The people are being held in a former village community center at a small rebel base in Musha, 20 miles northeast of Kigali, the site of fierce artillery battles between the rebels and the government army backed by the Hutu militias.

The rebel commander of this strategic outpost north of Kigali agreed to let The Associated Press interview the militia members. All appeared healthy and there was no evidence of mistreatment.

Lt. Vincent Anyakarundi, a rebel officer, said the captives were being "re-educated" rather than punished because they were exhorted and coerced into killing their neighbors. The instigators, he said, were the government, local officials and army soldiers, who the prisoners said supplied them with weapons ranging from clubs to grenades.

"They are peasants" he said. "They are just puppets of the government."

In areas where rebels have seized control, they have appointed political officers to urge people not to listen to exhortations of violence against Tutsis or Hutu foes of the government. The "re-educators" have been preaching national unity and the official party line is no reprisals, no revenge and no punishment.

"People who would carry out such massacres, especially against children, are less than animals," said Tito Rutaremara, 49, a former party coordinator and leading political influence in the rebel movement. "You have to teach people to forgive and forget. It's like the Nazis. Most people were behind the Nazis, but you can't punish all the people."

Although individual acts of revenge likely have taken place, there have been no independently confirmed instances of mass reprisals.

In Musha, captives gave detailed accounts of the horrors they helped to carry out in their villages, when one part of the community suddenly rose up and destroyed another part.

Virtually all of the prisoners recounted their horrific deeds in dull, emotionless voices, their faces a collection of impassive masks.

Mukankwaya blithely mentioned the names of the parents of the two children she killed during the killing spree that she said left hundreds dead in her village of Nyatovu, just north of Kigali.

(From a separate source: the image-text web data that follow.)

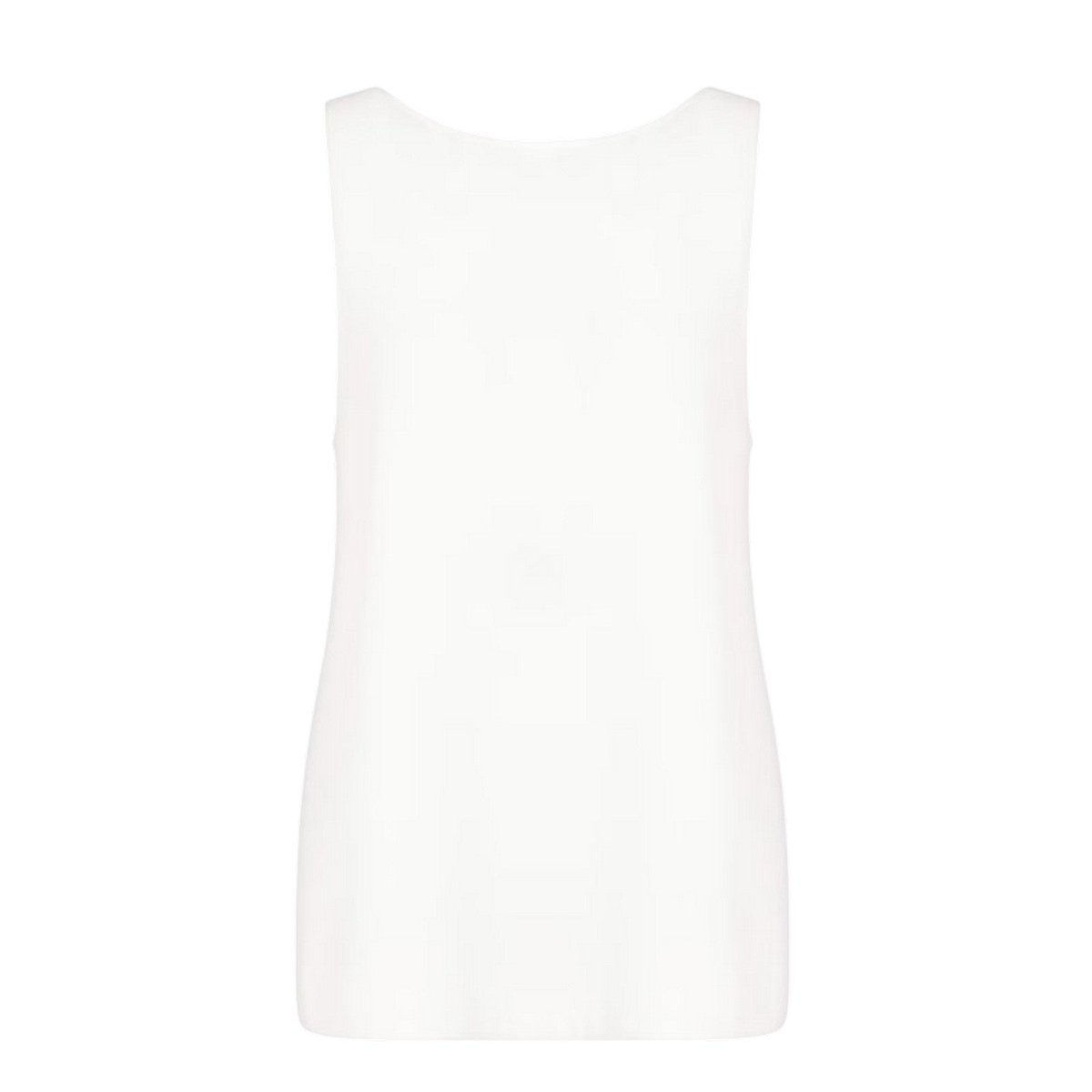 canotte e top donna emporio armani - top - bianco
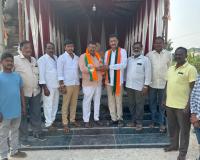 దామెర గ్రామ రాజకీయాల్లో కీలక పరిణామం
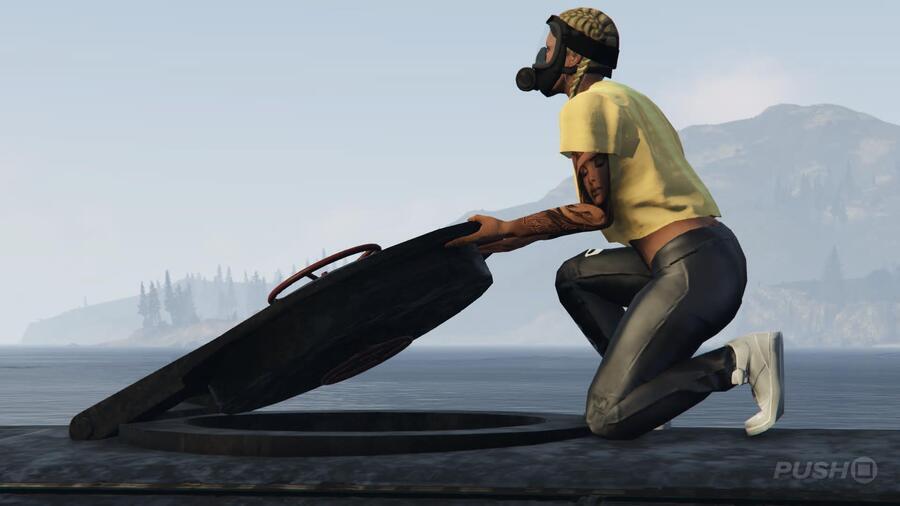 GTA Online: How to Start the Cayo Perico Heist Guide 9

Potato and sorghum farmer Alfred Kirukura, 29, said he joined in the murderous orgy in his village of Muhazi, 30 miles north of Kigali, on May 9. He said he took a machete to three childhood pals - one a Tutsi and the others Hutus branded by the locals as anti-government agitators.

As he killed them, "They said, `We are friends! We shared the same classroom!"' he said.

Maria-Devota Mukazitoni, 24, said she didn't kill anybody in her village of Rutonde, just north of Kigali, but organized the looting of homes after hundreds of people in her town were massacred.

Sixteen-year-old Kitazigurwa - who said he had no first name - said his job was to spy on people saying bad things about the government. People he named were killed.

Joseph Rukwavu, 74, said he was too old to kill anybody but acted as the key authority in his village of Mwuma on people who claimed to be Hutu but whose parents or grandparents were, in fact, Tutsi.

"Two hundred were killed in my sector, even my wife, because she would not join Interahamwe," he said in a dull monotone, his face unmoving even as he mentioned his wife's death.

"The militia gathered everybody up near a big hole," he said. "They were weeping, even the men. Even the week before we killed them they were weeping in fear."

He said the army supplied the villagers with the necessary killing tools and oversaw the slaughter.

"They (the victims) said, `Oh, we are the same people, we are your neighbors. Instead of hiding us you are killing us."'

Boniface Gasana, 52, said he invited 15 people on the local hit list into his home on the pretense of hiding them, then tipped the village killers of their whereabouts when the massacre began. A woman near him shouted that he also took part.

Even as they spoke, the evening air brought the stench of rotting corpses from the gentle hills around Musha, a common odor throughout the country.

At Kiramuruz, 60 miles northeast of Kigali, 20 bodies lay in a neat row in the woods just outside the seemingly sedate and bustling village.

Resident Vitali Rudasingwa said the people were killed by Hutu militias two weeks ago, even though rebels were in control of the town.

"These militias are still killing people," he said. "But now they are hiding in the corners."